If your business needs to carry out money laundering checks, there are several responsibilities you need to meet. These responsibilities include carrying out customer due diligence, risk assessments, and record keeping. However, knowing which responsibilities your business needs to adhere to can take time to learn as they vary from business to business.
To help you understand the responsibilities your business has under the regulations, this post highlights some of the responsibilities businesses have under the Anti-Money Laundering Regulations.
Customer due diligence means checking your customers are who they say they are. Your business will need to obtain the following as part of the customer due diligence checks:
- The customer’s name
- The customer’s photograph on an official identity document
- Their residential address
- Their date of birth
Typically, documents can include but are not limited to a passport, utility bill, bank statement and driving licence. It is also possible to use the electoral register and credit reference agencies to confirm the information you are given.

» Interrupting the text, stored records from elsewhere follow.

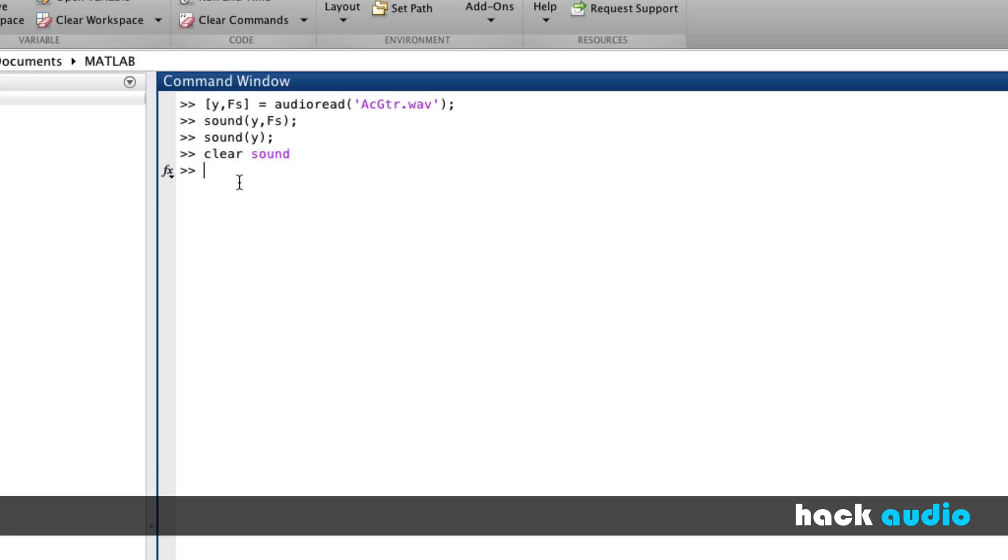So here it's playing back the sound at a much slower sampling rate. The command that I executed to pause the playback is called clear sound that will stop the playback over the computer speakers.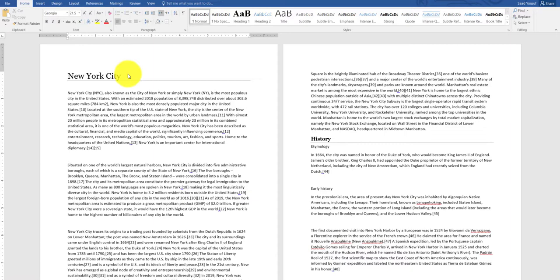One of the things to remember is when you're creating bookmark names, Microsoft Word doesn't allow you to use a space in the bookmark name.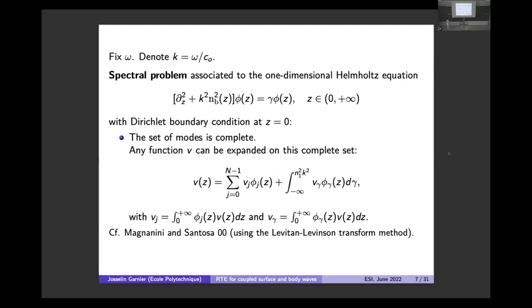The important point is to show that this set of modes is complete. When you take all the discrete eigenmodes and the continuous generalized eigenmodes, you get a complete set of functions, and any function v in L² can be expanded on this set. This is a well-known result for several decades.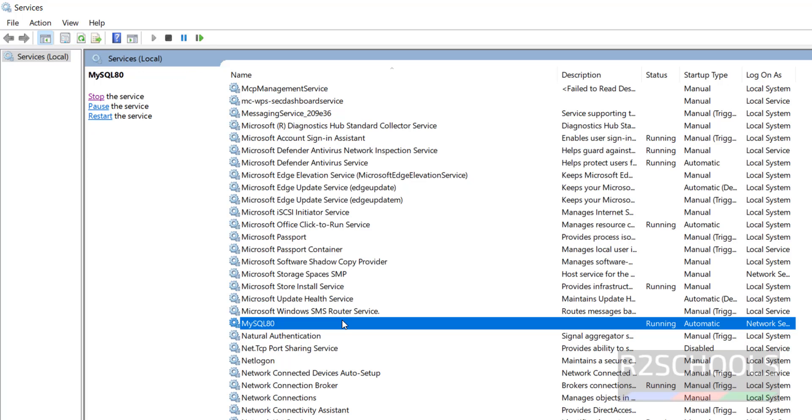So in this video we have seen how to start, stop, and restart MySQL service on Windows 10 or 11 operating system or Windows servers by using services tool and command prompt. The commands are the same for PowerShell also. For more MySQL videos please subscribe my channel, thank you.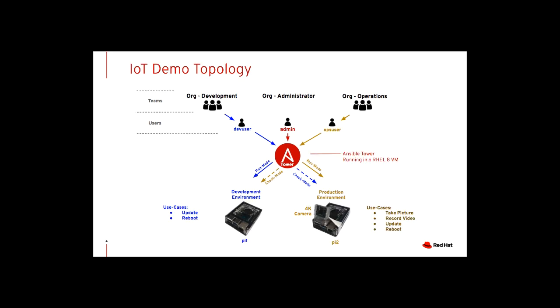I built up a quick demo just to show Ansible Tower with this organization set up. Obviously I don't have many systems in my home lab, but I'm going to show you how you can develop a similar environment with just a couple systems real affordably using a couple Raspberry Pis. For the development organization, we're going to show how we can maintain or update the operating system on the Raspberry Pi as well as reboot the system. On the production environment, we've got a 4K camera attached to the Raspberry Pi so we can do things like take pictures, record videos, and also update the operating system and reboot the appliance.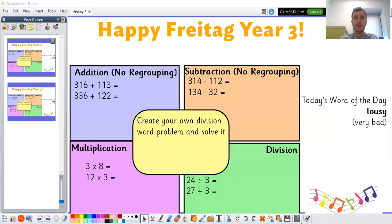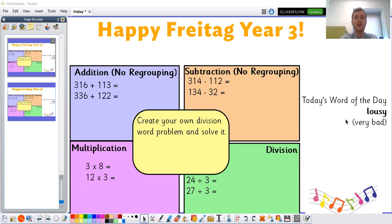Let's get started with our morning fluency and let me quickly load up a slide so you can see it too. Happy Friday Year 3! Before we look at our morning fluency, let's look at our word of the day. Our word of the day today is 'lousy'. I wonder if you can have a go at saying that word at home — lousy.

If the customer you are dealing with is acting on behalf of another person, you need to identify the beneficial owner. For example, if your customer is a limited company, the beneficial owner is any person of significant control within the company.
When carrying out customer due diligence checks, if you have doubts about the customer’s identity, or who the beneficial owner is, you must stop dealing with them until you are satisfied.
After carrying out the customer due diligence checks, you must ensure the information about the customer is kept up-to-date. If your customer’s details have changed, you will need to:
- Amend your risk assessment if their circumstances change
- Carry out further due diligence if needed
Before implementing internal controls, your business must first understand the risks it’s facing. To start, consider the following:
- Who your clients are
- The types of products and services they offer
- The jurisdictions they operate in
- Their delivery channels
- Their transactions
For example, it’s easier for fraudulent activity to occur if the business operates remotely; it’s easier to pass off fake documents during onboarding. However, if a business is carrying out face-to-face checks, it’s easier to verify that the documents are genuine and that photos accurately represent the person.
Once you’ve identified the risks, you need to:
- Build appropriate systems and controls to mitigate the risks
- Determine customer due diligence measures on a risk-sensitive basis
- Take into account situations and products which can present a higher risk of money laundering
Your business needs to have internal controls in place to protect itself from potential threats. The controls need to include a method of identifying a potential threat and the steps that need to be taken to prevent the threat from happening. Typically, the controls should include the following:
- Appointing a nominated officer and making sure employees know to report suspicious activity to them
- Designating a compliance officer if the business is large or complex
- Provide senior managers with regular information on money laundering risks
- Training employees on their money laundering responsibilities
- Document and update money laundering procedures
- Make sure money laundering is taken into account in the day-to-day running of the business
Anti-money laundering responsibilities can be complex and vary depending on the business. However, there are standard practices and procedures that can be adopted and implemented in any business that has to abide by the regulations. Some businesses may need to implement more comprehensive checks than those outlined above. So, it’s always best to check with governing bodies and organisations to ensure your business completes all the checks it should.